Kelly:I'm followed around by a documentary crew all day at work...

    • In Michael's last episode right before he removes his microphone he says "Tell me if this ever airs". So it hasn't aired yet and they know it.
    • Many people seem to assume this is a reality show, then complain about the Fridge Logic. This is foolish. If it seems like nobody has seen the reality show, there probably is no reality show. Reality shows did not invent the concept of documenting peoples' lives. In fact, The Office premiered before network and cable TV became dominated by reality shows. Yes, it is a long time to film for a documentary, but we may assume they have an unusual arrangement.
  • What I don't get is how the members of the camera crew are never caught on tape. Or, on a related note, they get seemingly impossible shots like Pam standing in front of an office window with the reflection of her back caught in it, but you can't see the reflection of the camera man seemingly right in front of her.
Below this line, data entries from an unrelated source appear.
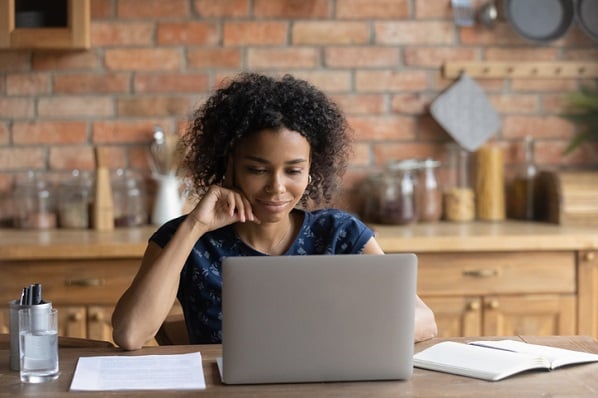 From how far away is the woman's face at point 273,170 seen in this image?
2.00 meters

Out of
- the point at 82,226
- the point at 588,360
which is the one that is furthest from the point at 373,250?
the point at 82,226

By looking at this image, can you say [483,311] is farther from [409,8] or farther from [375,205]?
[409,8]

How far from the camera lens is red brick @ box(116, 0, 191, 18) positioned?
3.51 m

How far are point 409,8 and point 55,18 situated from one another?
128 centimetres

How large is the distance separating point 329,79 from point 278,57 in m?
0.21

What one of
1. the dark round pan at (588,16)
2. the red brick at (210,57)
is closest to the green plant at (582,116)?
the dark round pan at (588,16)

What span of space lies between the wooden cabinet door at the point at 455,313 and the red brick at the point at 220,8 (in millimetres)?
1265

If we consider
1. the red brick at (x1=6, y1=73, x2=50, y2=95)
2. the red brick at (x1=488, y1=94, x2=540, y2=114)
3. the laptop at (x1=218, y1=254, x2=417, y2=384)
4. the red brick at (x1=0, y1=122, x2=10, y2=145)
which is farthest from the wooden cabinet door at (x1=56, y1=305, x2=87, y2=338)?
the red brick at (x1=488, y1=94, x2=540, y2=114)

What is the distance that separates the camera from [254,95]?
210 cm

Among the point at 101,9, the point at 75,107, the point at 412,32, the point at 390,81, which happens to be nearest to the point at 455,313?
the point at 390,81

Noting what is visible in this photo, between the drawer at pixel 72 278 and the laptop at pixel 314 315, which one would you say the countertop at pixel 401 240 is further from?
the laptop at pixel 314 315

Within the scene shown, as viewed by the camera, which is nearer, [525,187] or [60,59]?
[60,59]

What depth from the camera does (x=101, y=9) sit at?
138 inches

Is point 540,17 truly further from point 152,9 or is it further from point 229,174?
point 229,174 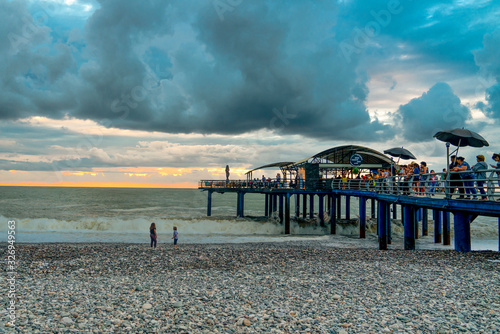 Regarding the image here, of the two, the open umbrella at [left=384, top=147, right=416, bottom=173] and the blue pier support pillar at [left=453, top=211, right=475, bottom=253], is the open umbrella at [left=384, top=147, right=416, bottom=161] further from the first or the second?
the blue pier support pillar at [left=453, top=211, right=475, bottom=253]

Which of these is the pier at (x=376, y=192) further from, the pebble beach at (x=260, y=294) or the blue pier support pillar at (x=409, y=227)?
the pebble beach at (x=260, y=294)

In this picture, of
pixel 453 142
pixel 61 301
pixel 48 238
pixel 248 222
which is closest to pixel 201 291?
pixel 61 301

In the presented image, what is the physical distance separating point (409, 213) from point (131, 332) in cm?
1466

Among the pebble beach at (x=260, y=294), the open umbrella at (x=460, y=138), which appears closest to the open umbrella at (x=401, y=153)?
the open umbrella at (x=460, y=138)

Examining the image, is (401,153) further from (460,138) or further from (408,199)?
(460,138)

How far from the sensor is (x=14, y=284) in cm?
934

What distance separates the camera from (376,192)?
22.0 metres

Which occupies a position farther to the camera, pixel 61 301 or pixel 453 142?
pixel 453 142

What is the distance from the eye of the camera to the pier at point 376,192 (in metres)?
13.6

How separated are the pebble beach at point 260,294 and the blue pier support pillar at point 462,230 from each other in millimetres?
598

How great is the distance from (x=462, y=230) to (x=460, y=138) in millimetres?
3591

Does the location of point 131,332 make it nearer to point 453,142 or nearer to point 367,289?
point 367,289

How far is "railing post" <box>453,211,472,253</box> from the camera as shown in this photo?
43.6 ft

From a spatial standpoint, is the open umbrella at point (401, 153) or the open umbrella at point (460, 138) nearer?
the open umbrella at point (460, 138)
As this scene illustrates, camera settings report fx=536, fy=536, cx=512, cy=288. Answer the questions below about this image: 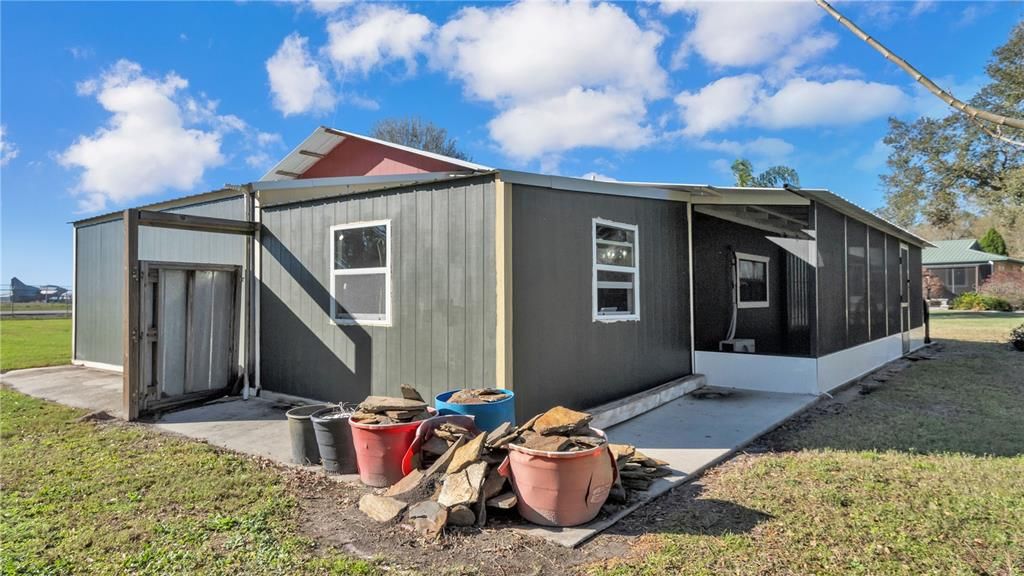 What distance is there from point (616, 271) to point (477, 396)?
7.45 feet

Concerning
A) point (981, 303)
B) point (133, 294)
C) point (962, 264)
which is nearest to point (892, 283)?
point (133, 294)

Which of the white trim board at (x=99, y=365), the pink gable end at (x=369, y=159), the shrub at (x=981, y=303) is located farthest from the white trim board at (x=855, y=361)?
the shrub at (x=981, y=303)

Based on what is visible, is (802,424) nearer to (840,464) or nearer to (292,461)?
(840,464)

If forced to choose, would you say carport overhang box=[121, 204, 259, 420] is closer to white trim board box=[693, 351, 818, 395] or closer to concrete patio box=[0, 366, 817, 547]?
concrete patio box=[0, 366, 817, 547]

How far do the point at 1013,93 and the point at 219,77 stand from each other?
23465mm

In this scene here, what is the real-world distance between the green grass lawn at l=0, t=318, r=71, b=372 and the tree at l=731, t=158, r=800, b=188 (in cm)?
2461

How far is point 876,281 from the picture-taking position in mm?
8984

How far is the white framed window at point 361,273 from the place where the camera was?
539 centimetres

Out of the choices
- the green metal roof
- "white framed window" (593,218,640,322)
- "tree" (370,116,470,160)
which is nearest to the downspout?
"white framed window" (593,218,640,322)

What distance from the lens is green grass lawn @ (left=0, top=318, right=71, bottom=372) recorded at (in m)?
9.80

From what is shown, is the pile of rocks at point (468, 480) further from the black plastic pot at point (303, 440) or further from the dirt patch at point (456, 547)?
the black plastic pot at point (303, 440)

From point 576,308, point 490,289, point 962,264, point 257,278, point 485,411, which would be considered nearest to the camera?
point 485,411

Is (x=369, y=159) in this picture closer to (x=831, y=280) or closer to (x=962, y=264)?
(x=831, y=280)

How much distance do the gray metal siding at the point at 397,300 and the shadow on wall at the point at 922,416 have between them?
9.32 ft
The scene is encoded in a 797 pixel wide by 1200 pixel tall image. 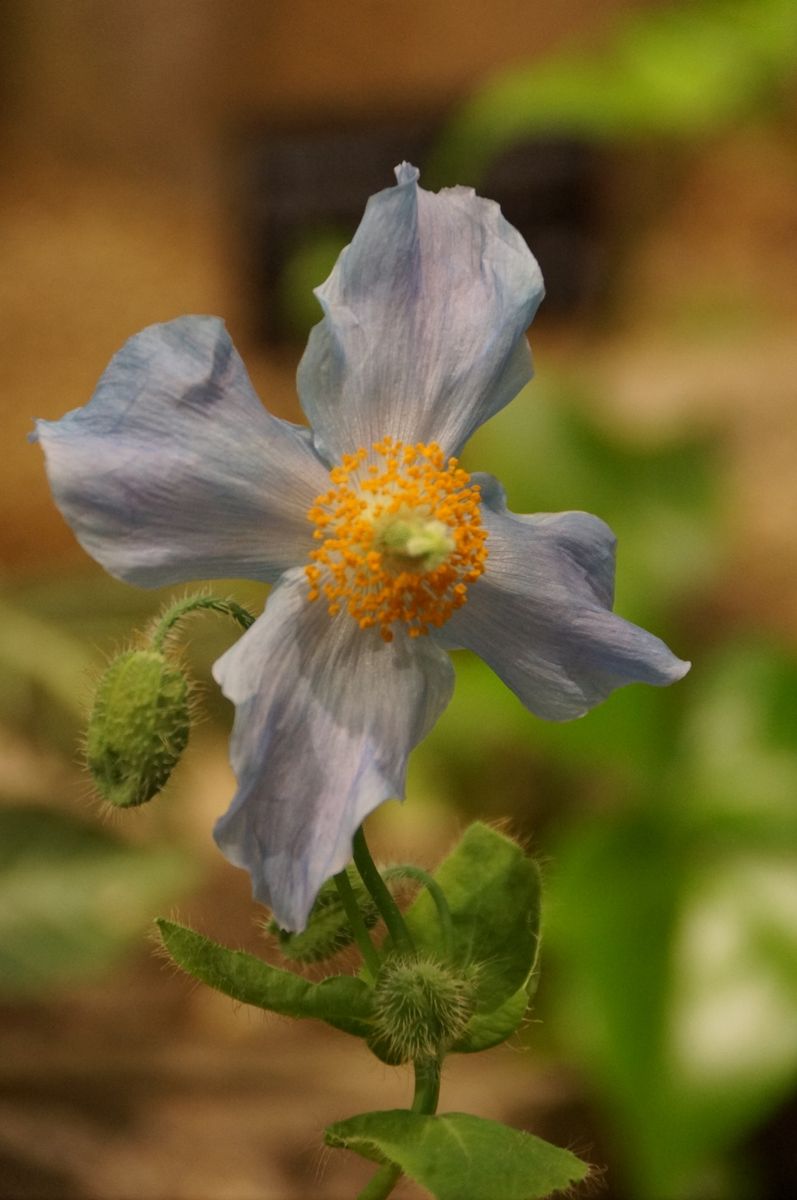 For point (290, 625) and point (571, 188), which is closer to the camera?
point (290, 625)

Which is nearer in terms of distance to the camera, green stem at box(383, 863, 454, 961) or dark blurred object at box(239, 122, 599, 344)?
green stem at box(383, 863, 454, 961)

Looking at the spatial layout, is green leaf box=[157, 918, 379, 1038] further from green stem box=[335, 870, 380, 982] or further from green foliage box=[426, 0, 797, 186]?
green foliage box=[426, 0, 797, 186]

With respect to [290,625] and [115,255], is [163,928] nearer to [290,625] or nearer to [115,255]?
[290,625]

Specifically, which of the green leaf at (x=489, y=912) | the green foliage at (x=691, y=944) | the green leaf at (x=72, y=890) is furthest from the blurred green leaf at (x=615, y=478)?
the green leaf at (x=489, y=912)

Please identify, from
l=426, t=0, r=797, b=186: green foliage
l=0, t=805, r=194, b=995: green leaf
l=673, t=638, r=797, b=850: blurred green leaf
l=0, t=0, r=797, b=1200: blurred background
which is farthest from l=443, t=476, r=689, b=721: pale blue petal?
l=426, t=0, r=797, b=186: green foliage

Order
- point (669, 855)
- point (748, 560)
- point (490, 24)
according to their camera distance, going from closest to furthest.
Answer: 1. point (669, 855)
2. point (748, 560)
3. point (490, 24)

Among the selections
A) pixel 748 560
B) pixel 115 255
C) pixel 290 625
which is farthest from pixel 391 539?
pixel 115 255

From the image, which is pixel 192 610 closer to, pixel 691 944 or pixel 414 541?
pixel 414 541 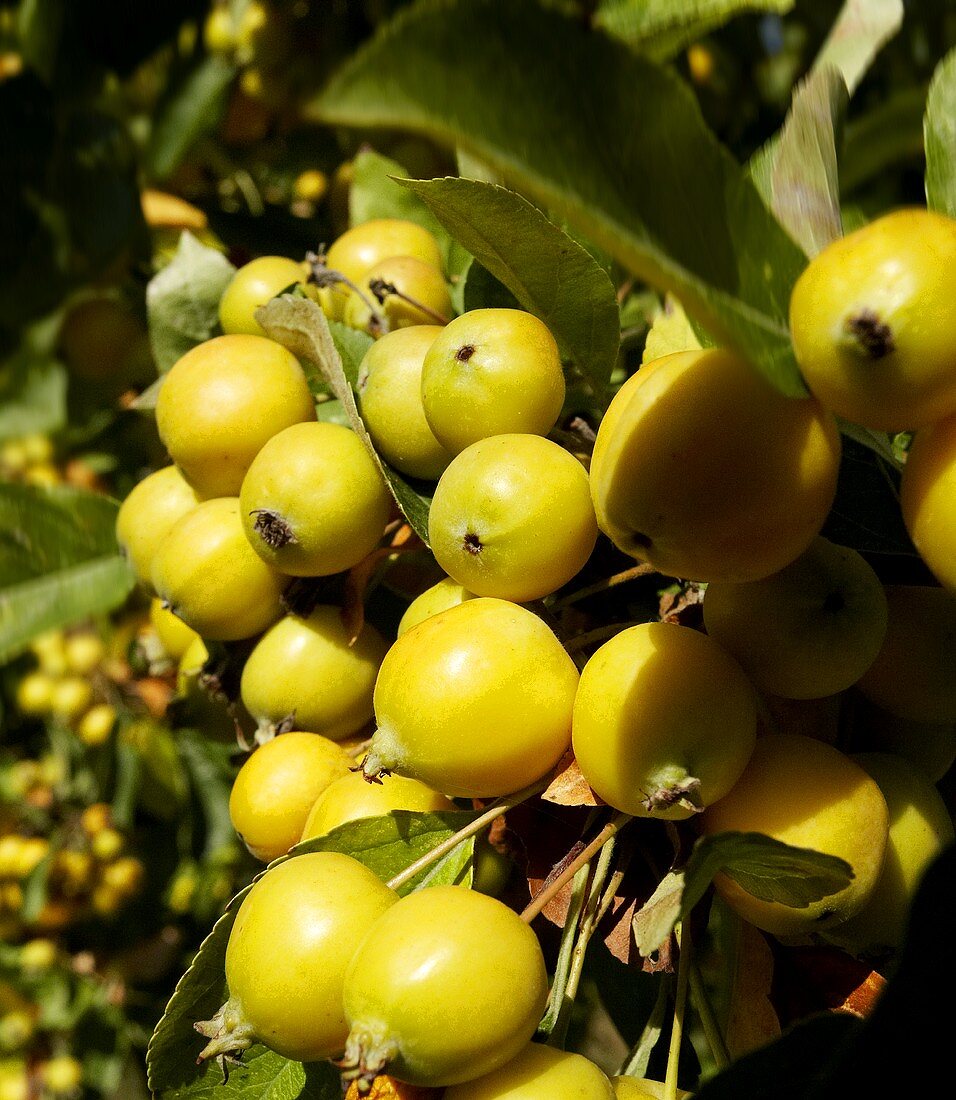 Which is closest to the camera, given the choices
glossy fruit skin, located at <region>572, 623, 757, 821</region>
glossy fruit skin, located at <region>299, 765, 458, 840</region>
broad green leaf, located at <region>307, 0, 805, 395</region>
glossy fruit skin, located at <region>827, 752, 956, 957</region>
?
broad green leaf, located at <region>307, 0, 805, 395</region>

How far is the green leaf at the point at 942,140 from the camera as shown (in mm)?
838

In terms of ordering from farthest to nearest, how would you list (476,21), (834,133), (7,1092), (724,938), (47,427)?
(7,1092) → (47,427) → (724,938) → (834,133) → (476,21)

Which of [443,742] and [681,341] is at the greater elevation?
[681,341]

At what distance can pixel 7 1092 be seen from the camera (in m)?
Result: 3.14

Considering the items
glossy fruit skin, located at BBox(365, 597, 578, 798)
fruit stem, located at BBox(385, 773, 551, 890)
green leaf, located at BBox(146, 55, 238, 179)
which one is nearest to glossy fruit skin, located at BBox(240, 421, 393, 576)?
glossy fruit skin, located at BBox(365, 597, 578, 798)

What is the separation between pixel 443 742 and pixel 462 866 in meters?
0.21

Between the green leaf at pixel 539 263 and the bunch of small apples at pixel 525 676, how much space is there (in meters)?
0.05

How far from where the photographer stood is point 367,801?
3.29 feet

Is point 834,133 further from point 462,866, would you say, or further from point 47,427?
point 47,427

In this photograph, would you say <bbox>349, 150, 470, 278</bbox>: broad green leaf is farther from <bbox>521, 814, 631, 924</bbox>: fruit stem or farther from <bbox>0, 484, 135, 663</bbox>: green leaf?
<bbox>521, 814, 631, 924</bbox>: fruit stem

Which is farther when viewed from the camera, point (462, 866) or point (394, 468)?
point (394, 468)

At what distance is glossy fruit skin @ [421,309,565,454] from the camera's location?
3.22ft

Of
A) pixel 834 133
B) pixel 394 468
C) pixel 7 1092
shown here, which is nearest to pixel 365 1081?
pixel 394 468

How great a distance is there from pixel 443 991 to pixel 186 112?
1981 mm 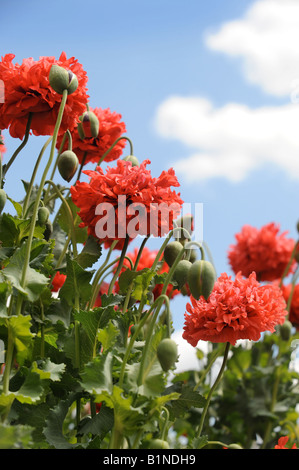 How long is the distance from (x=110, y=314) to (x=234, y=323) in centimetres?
20

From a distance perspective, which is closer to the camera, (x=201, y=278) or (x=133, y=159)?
(x=201, y=278)

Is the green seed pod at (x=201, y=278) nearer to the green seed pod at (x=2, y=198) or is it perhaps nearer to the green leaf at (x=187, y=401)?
the green leaf at (x=187, y=401)

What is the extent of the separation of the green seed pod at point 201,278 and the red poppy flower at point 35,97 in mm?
419

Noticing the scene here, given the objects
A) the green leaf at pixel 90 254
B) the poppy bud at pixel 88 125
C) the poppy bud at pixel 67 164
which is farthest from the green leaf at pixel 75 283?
the poppy bud at pixel 88 125

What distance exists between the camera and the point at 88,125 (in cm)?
119

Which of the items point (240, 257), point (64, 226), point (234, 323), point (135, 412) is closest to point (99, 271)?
point (64, 226)

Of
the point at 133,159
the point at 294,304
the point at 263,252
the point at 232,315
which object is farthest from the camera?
the point at 263,252

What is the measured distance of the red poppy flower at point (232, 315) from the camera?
1006 millimetres

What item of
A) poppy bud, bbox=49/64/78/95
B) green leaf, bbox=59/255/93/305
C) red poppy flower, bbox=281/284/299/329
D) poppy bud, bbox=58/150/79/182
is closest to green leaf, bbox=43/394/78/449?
green leaf, bbox=59/255/93/305

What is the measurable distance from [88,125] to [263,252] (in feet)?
3.73

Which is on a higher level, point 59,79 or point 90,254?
point 59,79

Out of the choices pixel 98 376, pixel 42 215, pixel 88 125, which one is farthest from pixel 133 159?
pixel 98 376

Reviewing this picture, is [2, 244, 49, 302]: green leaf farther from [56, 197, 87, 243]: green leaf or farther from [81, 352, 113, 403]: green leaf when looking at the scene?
[56, 197, 87, 243]: green leaf

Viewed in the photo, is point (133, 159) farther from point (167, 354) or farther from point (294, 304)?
point (294, 304) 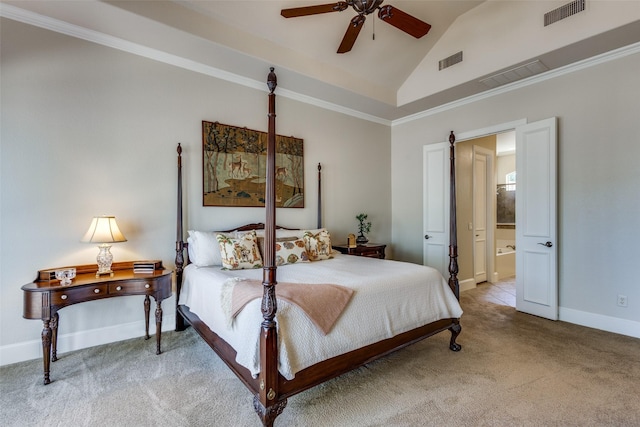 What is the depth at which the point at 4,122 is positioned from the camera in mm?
2555

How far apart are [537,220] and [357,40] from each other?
312 centimetres

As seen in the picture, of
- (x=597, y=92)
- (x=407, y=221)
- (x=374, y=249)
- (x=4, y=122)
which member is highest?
(x=597, y=92)

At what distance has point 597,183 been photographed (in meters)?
3.33

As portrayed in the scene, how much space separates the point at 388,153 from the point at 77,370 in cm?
502

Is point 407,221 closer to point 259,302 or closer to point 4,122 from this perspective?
point 259,302

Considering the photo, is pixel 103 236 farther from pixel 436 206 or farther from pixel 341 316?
pixel 436 206

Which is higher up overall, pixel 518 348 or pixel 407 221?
pixel 407 221

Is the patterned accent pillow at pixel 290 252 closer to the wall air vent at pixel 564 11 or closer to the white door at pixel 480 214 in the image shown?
the white door at pixel 480 214

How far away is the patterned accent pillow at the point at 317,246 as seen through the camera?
3.59 m

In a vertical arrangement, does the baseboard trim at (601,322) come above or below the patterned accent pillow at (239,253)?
below

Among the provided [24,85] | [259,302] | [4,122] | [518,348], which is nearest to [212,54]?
[24,85]

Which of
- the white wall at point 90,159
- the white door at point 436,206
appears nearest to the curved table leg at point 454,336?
the white door at point 436,206

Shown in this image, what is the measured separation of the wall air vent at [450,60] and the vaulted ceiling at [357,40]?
0.04m

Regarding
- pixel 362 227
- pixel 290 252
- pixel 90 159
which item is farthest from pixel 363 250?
pixel 90 159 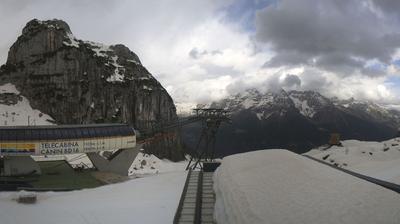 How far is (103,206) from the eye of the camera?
3388 centimetres

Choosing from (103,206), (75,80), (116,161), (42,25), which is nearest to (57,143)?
(116,161)

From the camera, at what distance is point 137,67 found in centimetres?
15012

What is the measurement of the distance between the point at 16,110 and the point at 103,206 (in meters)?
96.3

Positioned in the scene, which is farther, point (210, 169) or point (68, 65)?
point (68, 65)

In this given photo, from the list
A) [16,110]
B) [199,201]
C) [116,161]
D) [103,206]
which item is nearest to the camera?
[199,201]

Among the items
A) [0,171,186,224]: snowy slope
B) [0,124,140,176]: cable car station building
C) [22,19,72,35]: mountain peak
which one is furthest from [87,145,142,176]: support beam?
[22,19,72,35]: mountain peak

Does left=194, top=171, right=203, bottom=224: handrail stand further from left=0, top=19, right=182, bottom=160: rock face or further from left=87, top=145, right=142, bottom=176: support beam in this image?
left=0, top=19, right=182, bottom=160: rock face

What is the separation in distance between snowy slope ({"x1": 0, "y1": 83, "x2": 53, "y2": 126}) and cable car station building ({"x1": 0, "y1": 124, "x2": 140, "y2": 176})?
210 feet

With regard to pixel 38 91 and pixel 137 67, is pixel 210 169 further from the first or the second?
pixel 137 67

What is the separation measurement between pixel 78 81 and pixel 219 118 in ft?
266

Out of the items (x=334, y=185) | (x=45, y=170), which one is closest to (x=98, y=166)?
(x=45, y=170)

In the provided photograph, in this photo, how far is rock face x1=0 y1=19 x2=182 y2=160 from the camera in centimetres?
12862

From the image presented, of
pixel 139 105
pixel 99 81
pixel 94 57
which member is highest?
pixel 94 57

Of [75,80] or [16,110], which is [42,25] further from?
[16,110]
Or how they'll have a shot of one character from one angle, and then another shot 1 second later that's from the other side of the room.
    • The impossible shot, of course, also had to be shot in real life, so clearly there is a way, with experienced cameramen and/or editing.
    • In real life the same scene is performed many times and different angles edited together, but that shouldn't be the case with an unscripted reality show. There's one obvious example of this in "Safety Training" when the point of view switches between Michael on the roof and the people on the ground - in the ground shots we should see the member of the camera crew who's filming the close-ups of Michael, but Michael's alone on the roof.
  • In Season 3 "Safety Training" Jim says that the odds of Michael's stunt being "in any way real" are 10000 to 1. Kevin then says he'll take those odds and bets $10. Everyone then discovers that Michael does intend to jump (He plans to jump onto a bouncy castle, but still he does intend to jump and if he had would probably have been seriously injured, possibly even killed), forcing everyone to talk him down. Shouldn't Jim owe Kevin $100000 because of the bet?
    • First, Jim probably mean real in the sense of "Michael is actually suicidal" as opposed to "Michael is actually going to jump." Second, I don't recall Jim ever acknowledging Kevin on that bet.
  • In the 2010 Christmas episode, Jim throws a snowball at Dwight that crashes through a window in the meeting room. In "Fire Saftey", those windows couldn't break with a large chair!
    • They'd been replaced by sturdier stuff.
      • The fire safety episode "Stress Relief" came before "Classy Christmas". Michael couldn't break out the window by throwing a chair at it, but he apparently broke it with an overhead projector. Perhaps they replaced it with less sturdy glass so that it would break if a similar incident ever recurred.
    • Dwight also took control of the building between those episodes, so it wouldn't be out of character for him to replace the windows either for A) fire safety or B) to make the office colder (he's not shy about making his fellow employees uncomfortable.)
  • According to Michael, Holly's engagement ring cost three-years salary. Upon first glance this is a cute throwaway gag with Michael misunderstanding something (in this case the "tradition" is three-MONTHS salary), but upon further consideration Michael has now put himself in sizeable debt at a time when both he and Holly have decided to leave Dunder-Mifflin for Colorado. With no job arrangements in order.